## Your objective
An exact copy of the lines of the listing below between the "Fully opened compact" line and the "Chocolate Caramel Pretzel Keto" line, both included, is the whole answer; please omit the pictures.

::: Materials provided

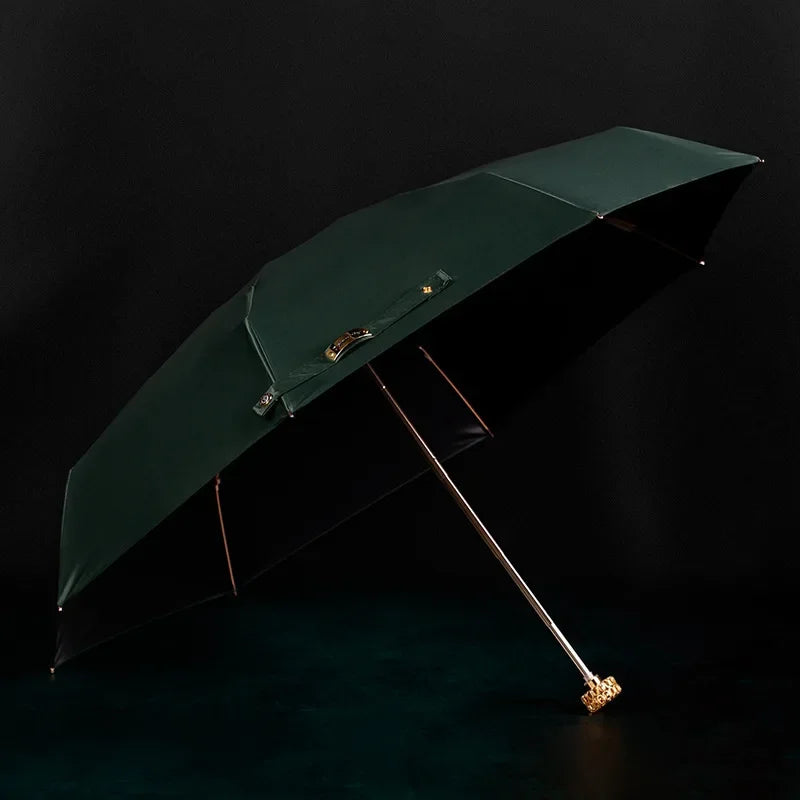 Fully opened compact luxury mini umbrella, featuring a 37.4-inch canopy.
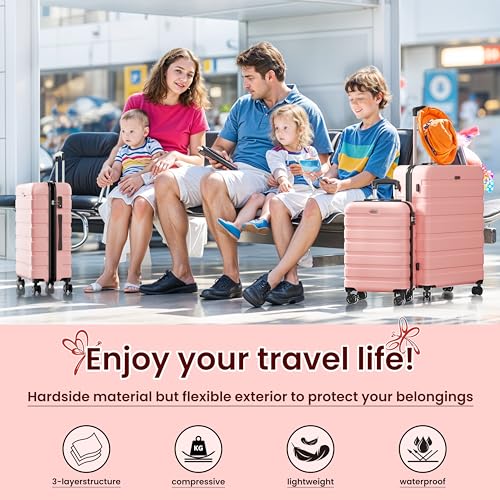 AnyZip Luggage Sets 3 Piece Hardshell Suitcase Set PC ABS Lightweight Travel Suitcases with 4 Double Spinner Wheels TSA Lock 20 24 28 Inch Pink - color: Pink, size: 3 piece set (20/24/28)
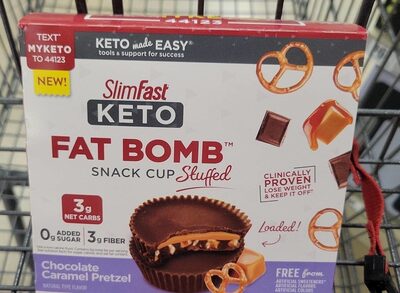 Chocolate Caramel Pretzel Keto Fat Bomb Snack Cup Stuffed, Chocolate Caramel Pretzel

::::::
::: Materials provided

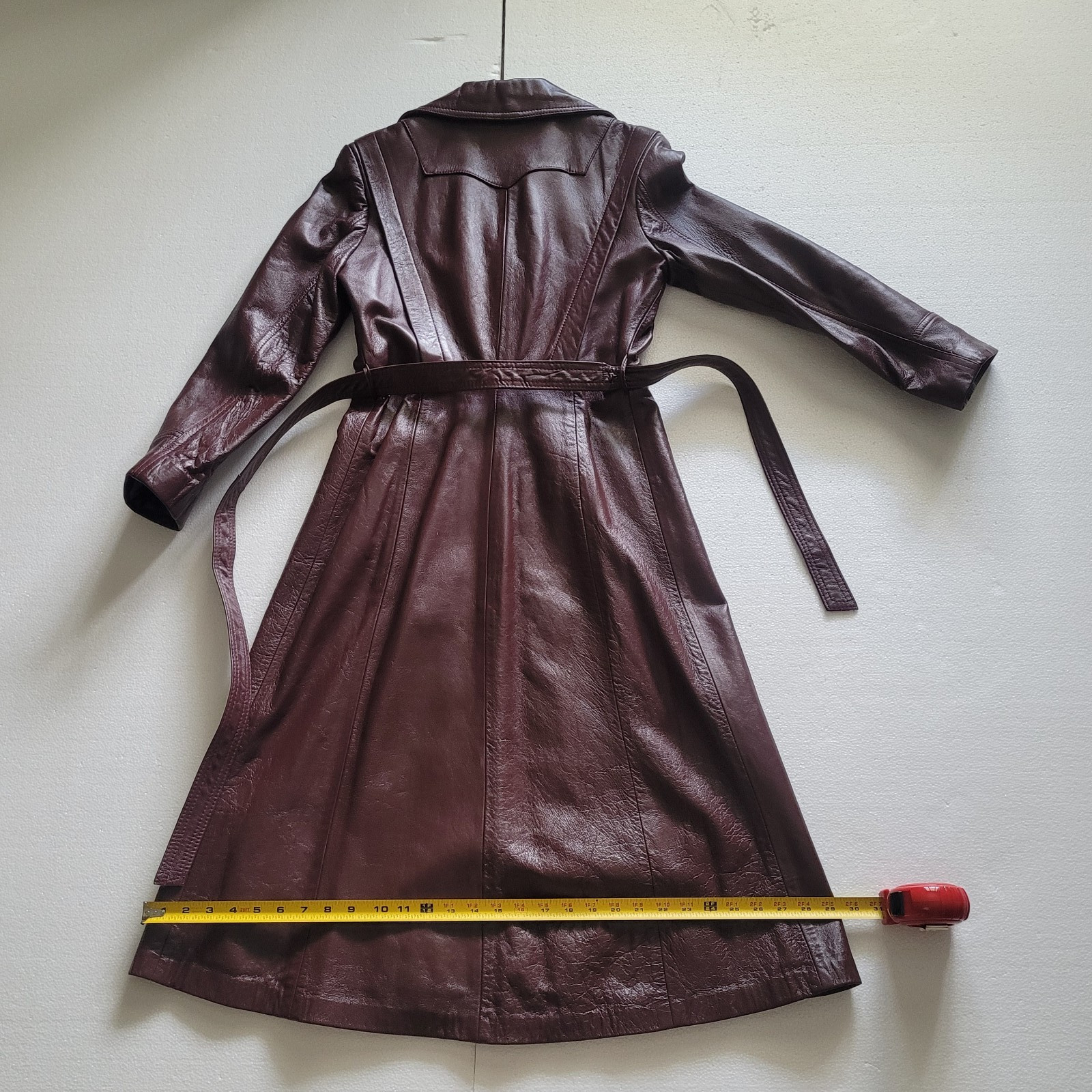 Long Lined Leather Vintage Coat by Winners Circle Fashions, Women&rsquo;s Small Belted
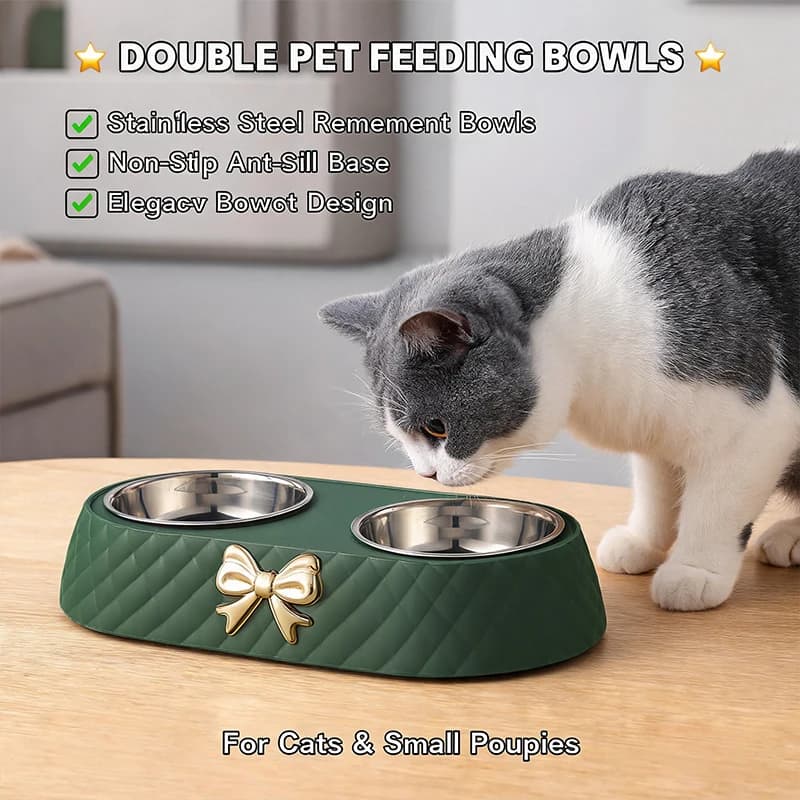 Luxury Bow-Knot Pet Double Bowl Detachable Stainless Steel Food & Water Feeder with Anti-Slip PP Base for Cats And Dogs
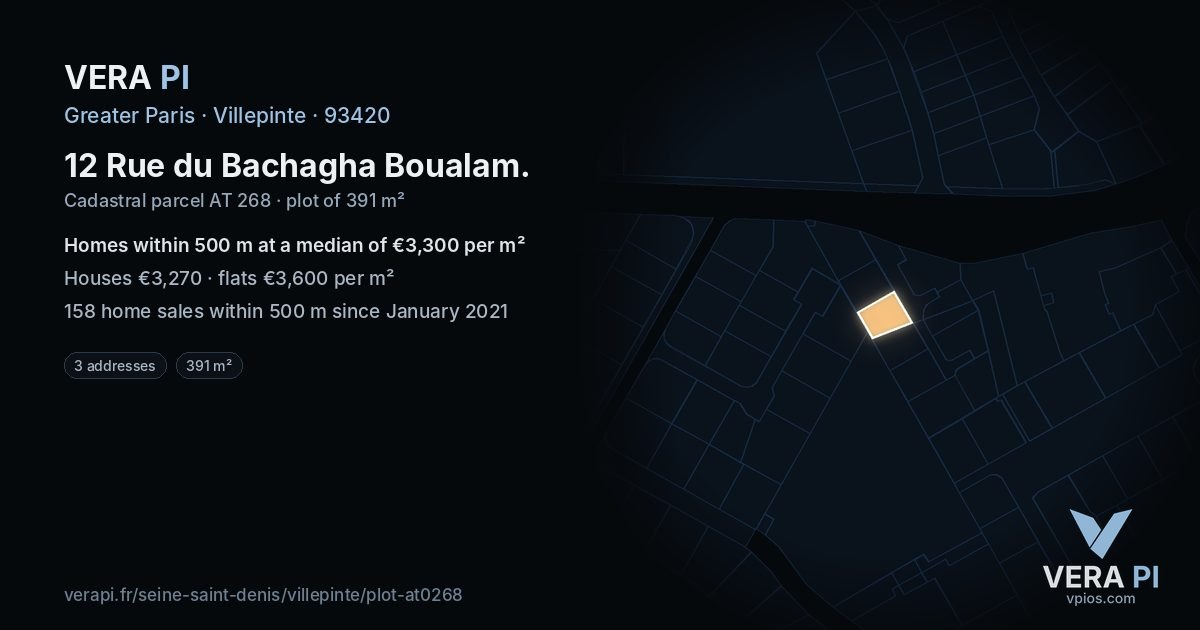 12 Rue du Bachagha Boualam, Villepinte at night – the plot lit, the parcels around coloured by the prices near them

::::::

## Result of this exercise
 Fully opened compact luxury mini umbrella, featuring a 37.4-inch canopy.
 AnyZip Luggage Sets 3 Piece Hardshell Suitcase Set PC ABS Lightweight Travel Suitcases with 4 Double Spinner Wheels TSA Lock 20 24 28 Inch Pink - color: Pink, size: 3 piece set (20/24/28)
 Chocolate Caramel Pretzel Keto Fat Bomb Snack Cup Stuffed, Chocolate Caramel Pretzel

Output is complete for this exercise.